INFORMATION SHOWN section start

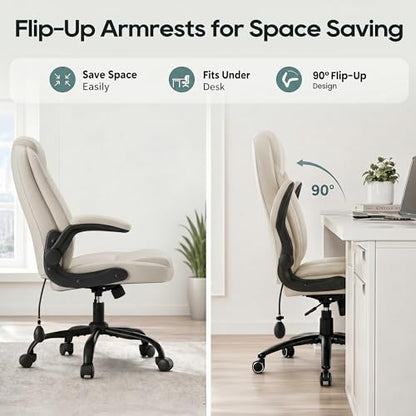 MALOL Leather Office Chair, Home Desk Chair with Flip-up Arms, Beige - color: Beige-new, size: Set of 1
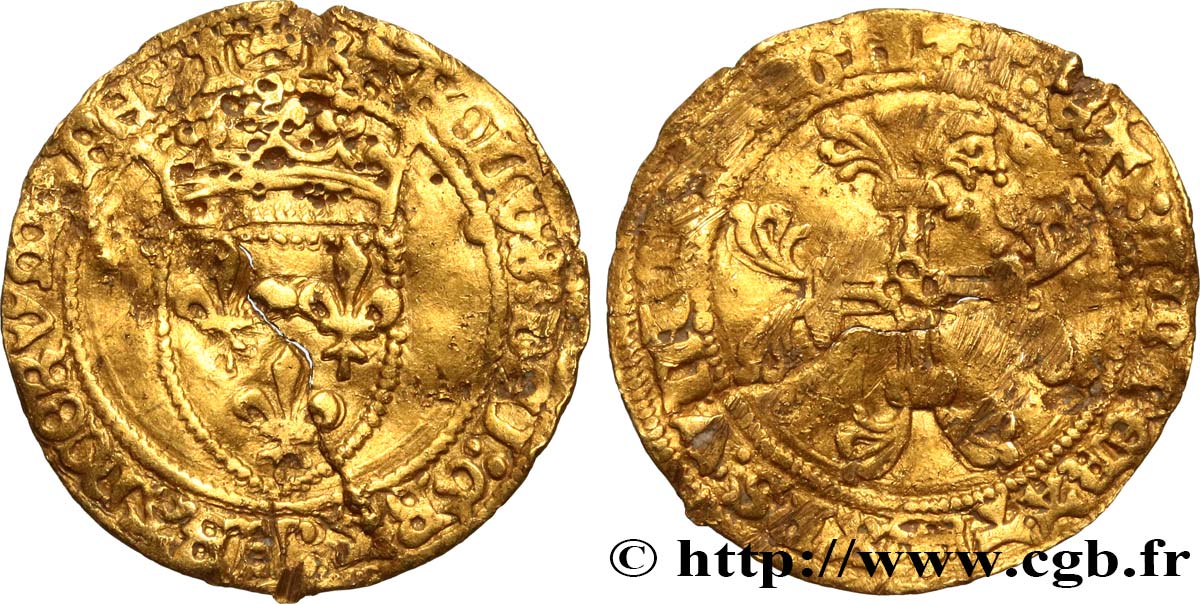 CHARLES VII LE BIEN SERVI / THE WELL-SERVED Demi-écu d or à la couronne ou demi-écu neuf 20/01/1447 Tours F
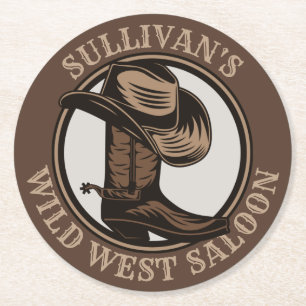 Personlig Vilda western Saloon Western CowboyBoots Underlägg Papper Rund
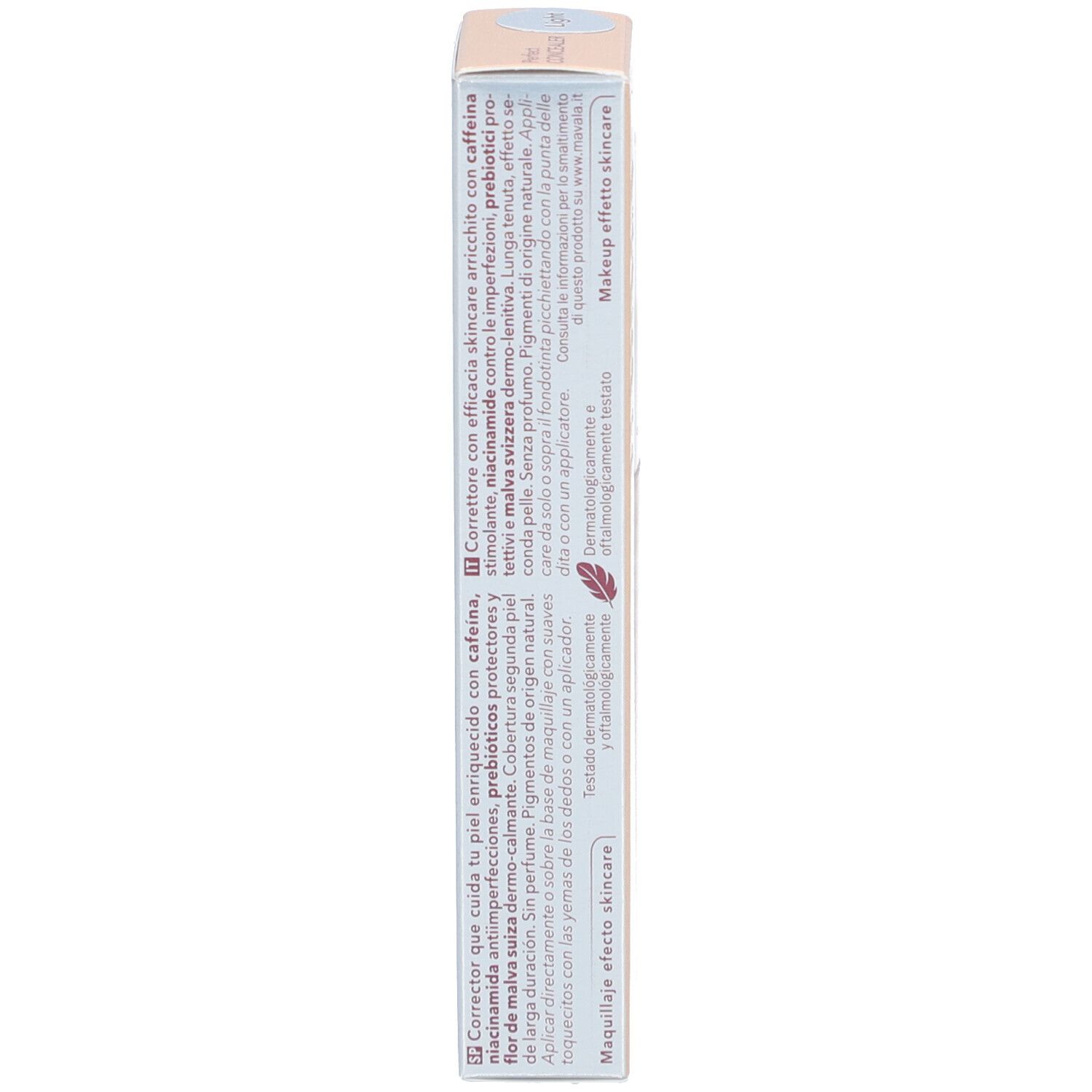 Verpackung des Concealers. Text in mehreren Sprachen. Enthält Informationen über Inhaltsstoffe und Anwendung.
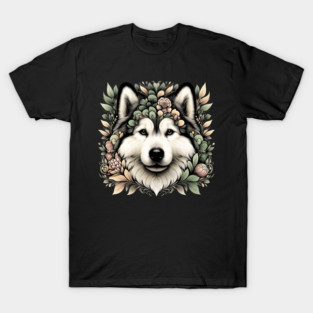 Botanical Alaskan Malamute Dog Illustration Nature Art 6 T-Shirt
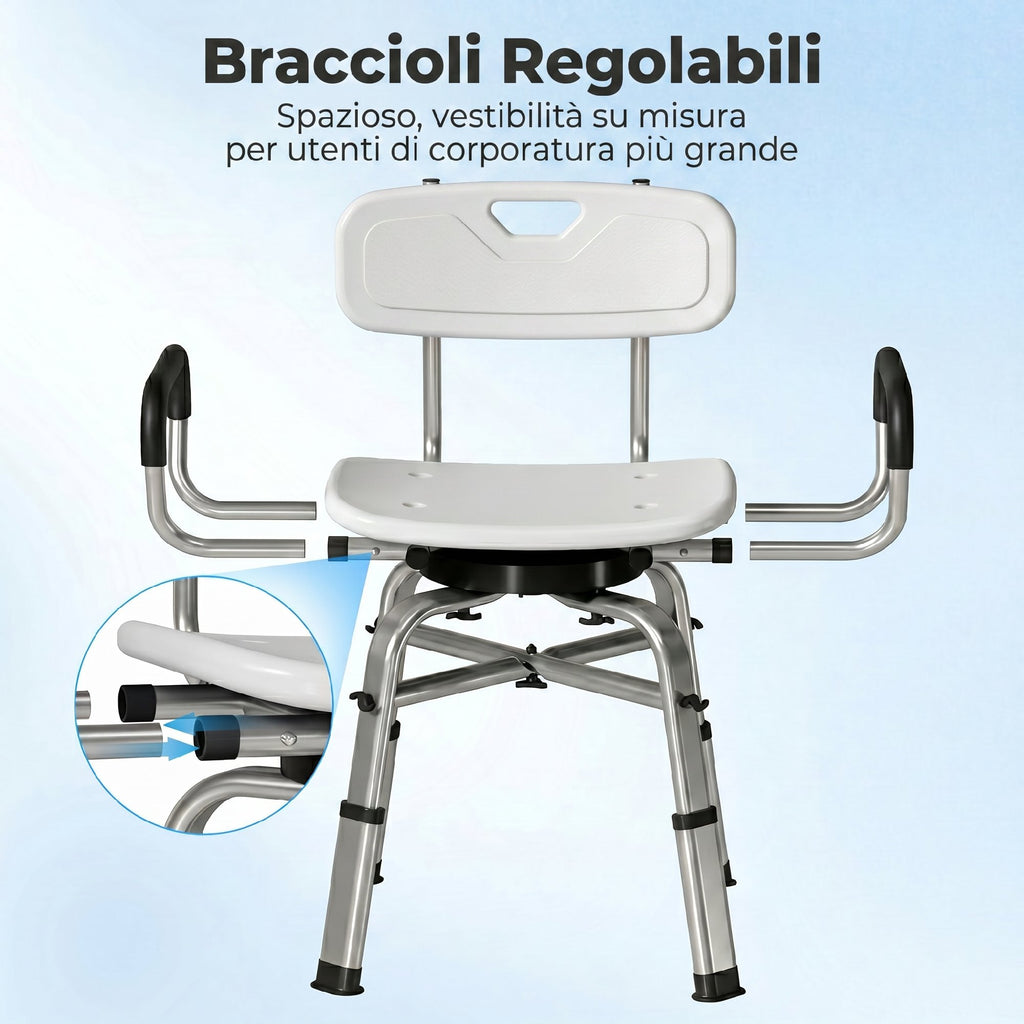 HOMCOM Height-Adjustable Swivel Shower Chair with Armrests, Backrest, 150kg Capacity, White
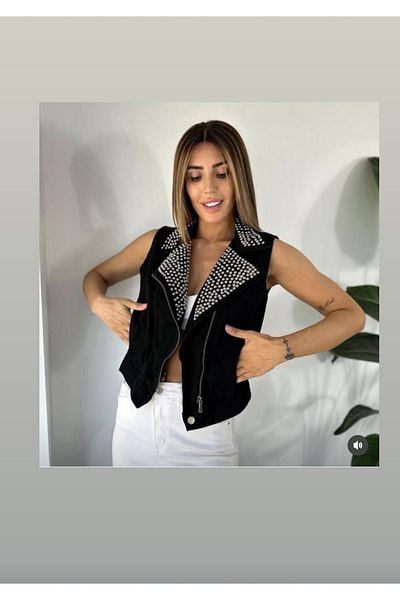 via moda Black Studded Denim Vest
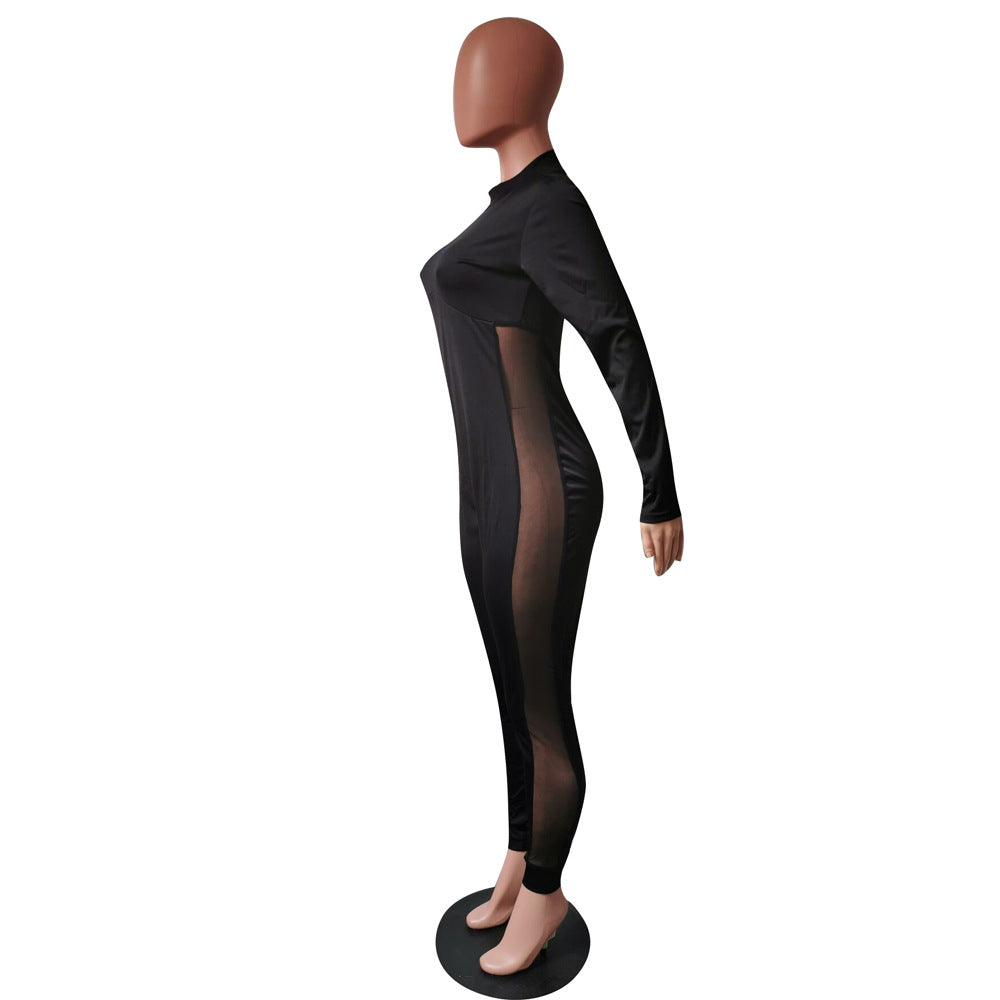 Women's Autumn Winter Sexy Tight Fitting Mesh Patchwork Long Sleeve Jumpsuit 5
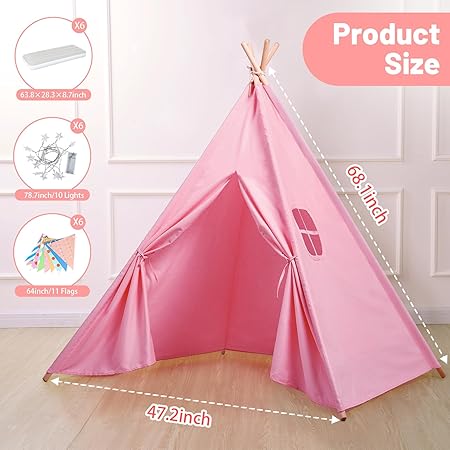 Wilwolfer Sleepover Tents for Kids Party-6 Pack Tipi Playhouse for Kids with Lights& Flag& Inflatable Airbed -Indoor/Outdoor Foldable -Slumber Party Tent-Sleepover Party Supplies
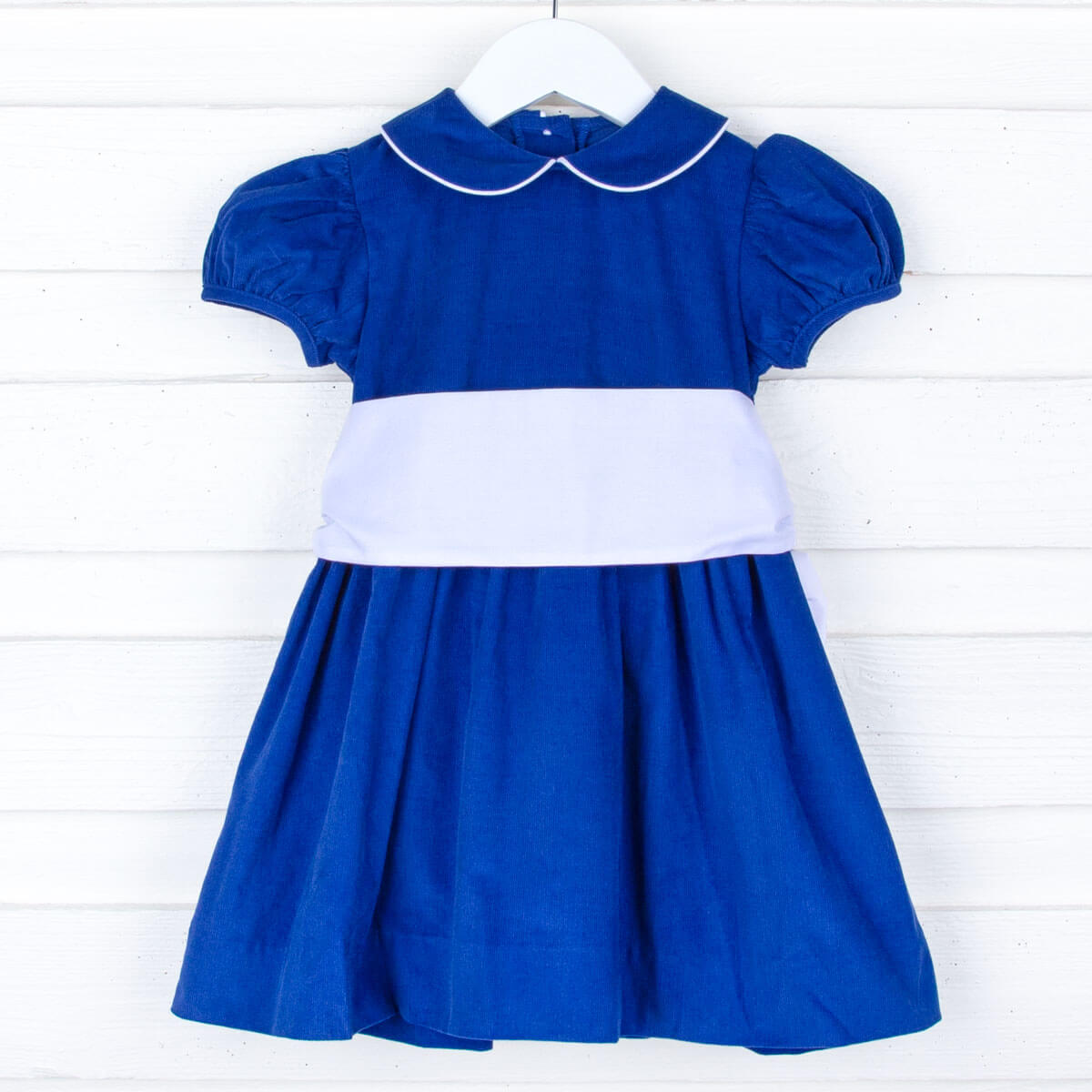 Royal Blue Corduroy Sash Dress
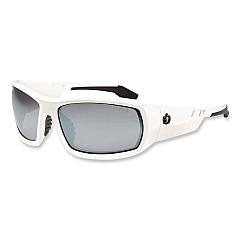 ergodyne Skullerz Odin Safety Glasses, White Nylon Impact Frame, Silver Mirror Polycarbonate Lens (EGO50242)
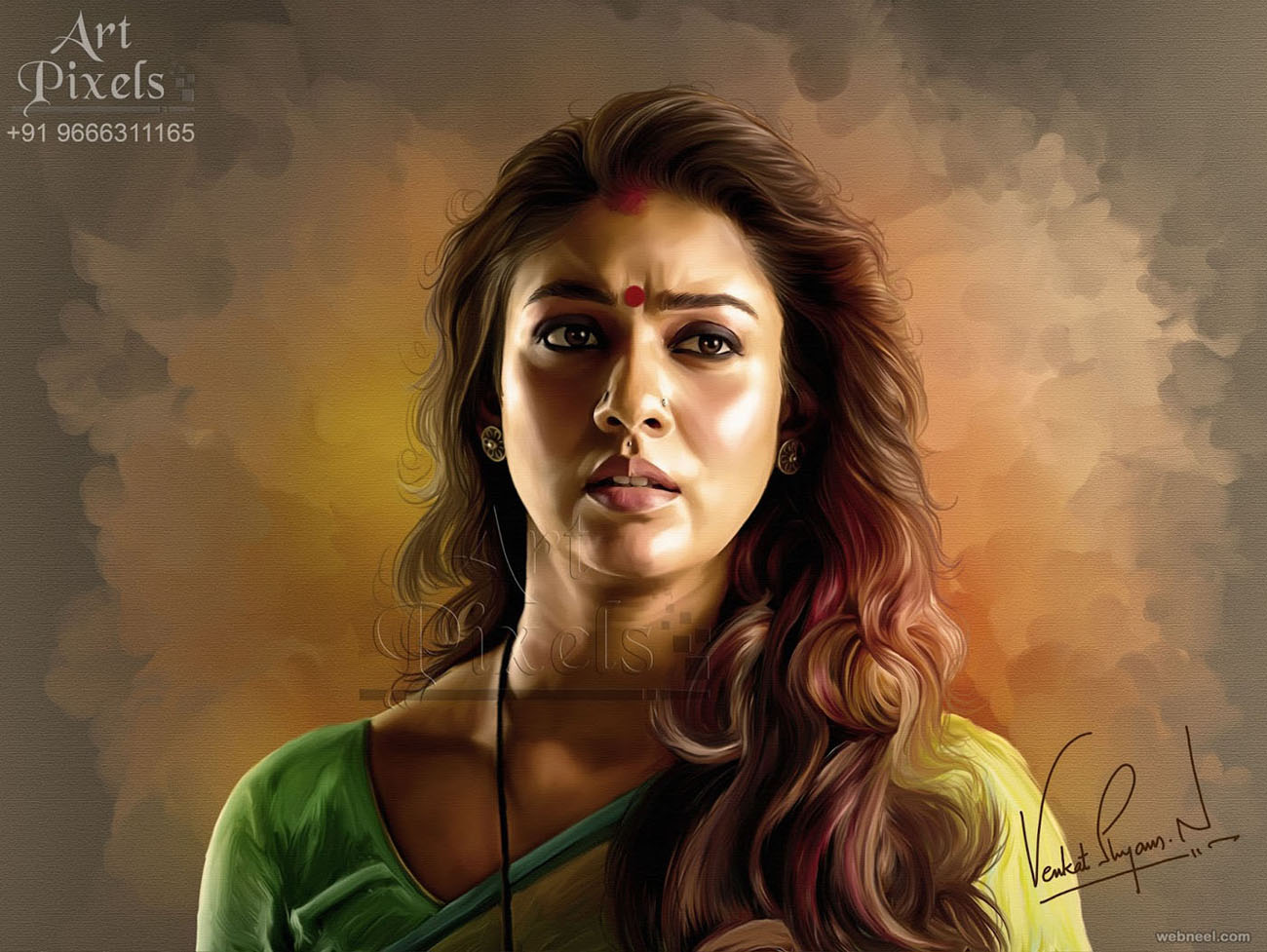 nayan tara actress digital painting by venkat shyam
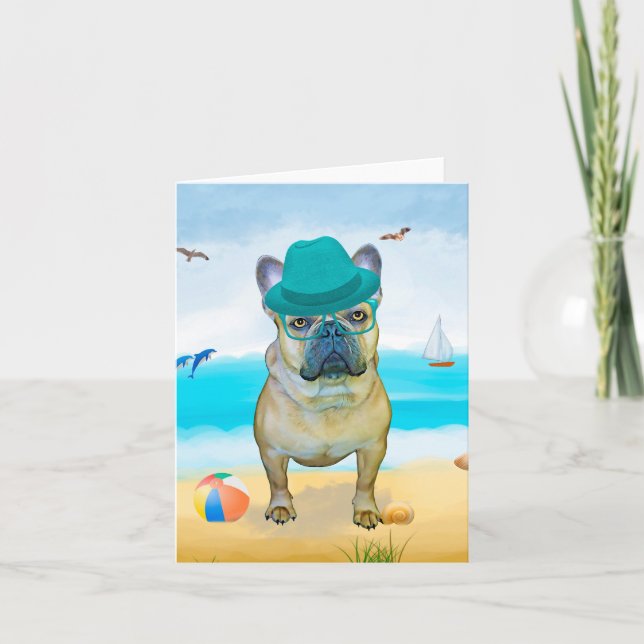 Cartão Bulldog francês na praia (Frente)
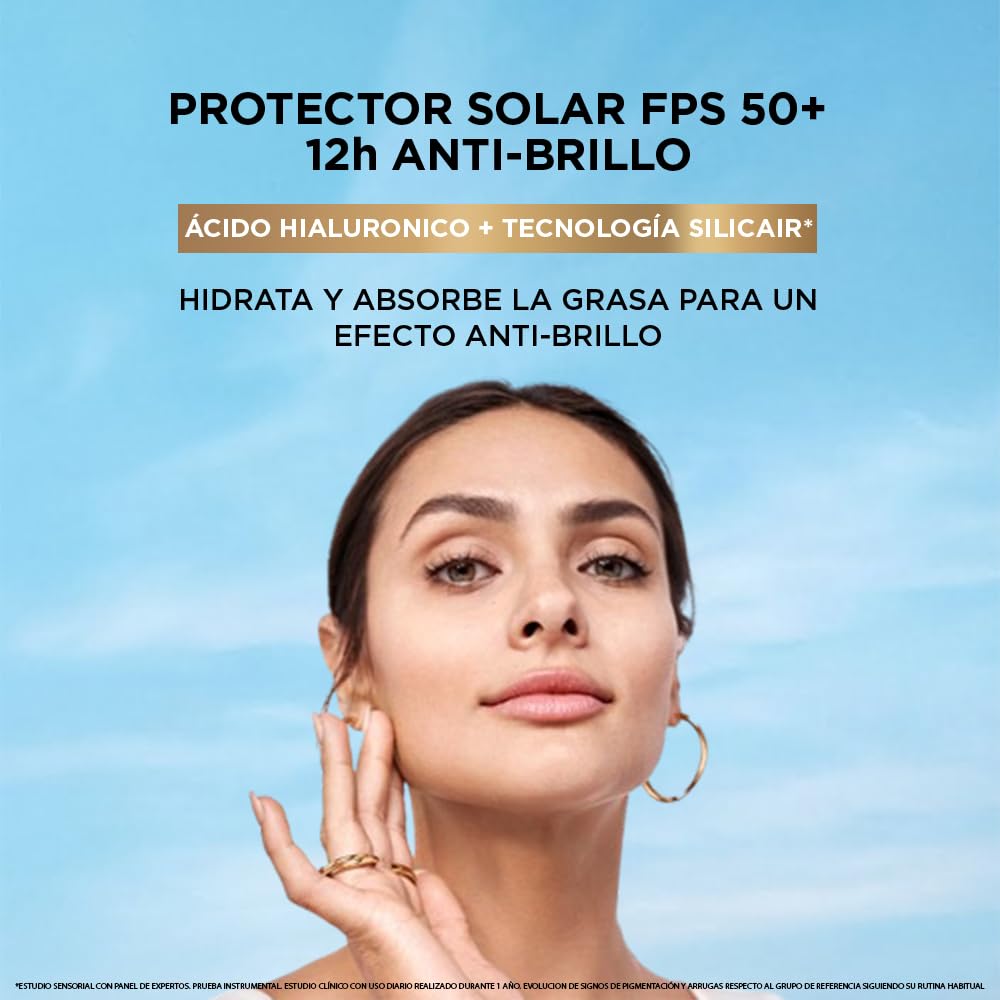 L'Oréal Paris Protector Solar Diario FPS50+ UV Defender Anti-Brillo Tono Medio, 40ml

INFORMATION SHOWN section end

» WHAT NEEDS TO BE DONE: Without copying the pictures, transcribe the entries exactly.

» SOLUTION TO THE PROBLEM:
 MALOL Leather Office Chair, Home Desk Chair with Flip-up Arms, Beige - color: Beige-new, size: Set of 1
 CHARLES VII LE BIEN SERVI / THE WELL-SERVED Demi-écu d or à la couronne ou demi-écu neuf 20/01/1447 Tours F
 Personlig Vilda western Saloon Western CowboyBoots Underlägg Papper Rund
 Verpackung des Concealers. Text in mehreren Sprachen. Enthält Informationen über Inhaltsstoffe und Anwendung.
 Botanical Alaskan Malamute Dog Illustration Nature Art 6 T-Shirt
 HOMCOM Height-Adjustable Swivel Shower Chair with Armrests, Backrest, 150kg Capacity, White
 via moda Black Studded Denim Vest
 Women's Autumn Winter Sexy Tight Fitting Mesh Patchwork Long Sleeve Jumpsuit 5
 Wilwolfer Sleepover Tents for Kids Party-6 Pack Tipi Playhouse for Kids with Lights& Flag& Inflatable Airbed -Indoor/Outdoor Foldable -Slumber Party Tent-Sleepover Party Supplies
 Royal Blue Corduroy Sash Dress
 ergodyne Skullerz Odin Safety Glasses, White Nylon Impact Frame, Silver Mirror Polycarbonate Lens (EGO50242)
 nayan tara actress digital painting by venkat shyam
 Cartão Bulldog francês na praia (Frente)
 L'Oréal Paris Protector Solar Diario FPS50+ UV Defender Anti-Brillo Tono Medio, 40ml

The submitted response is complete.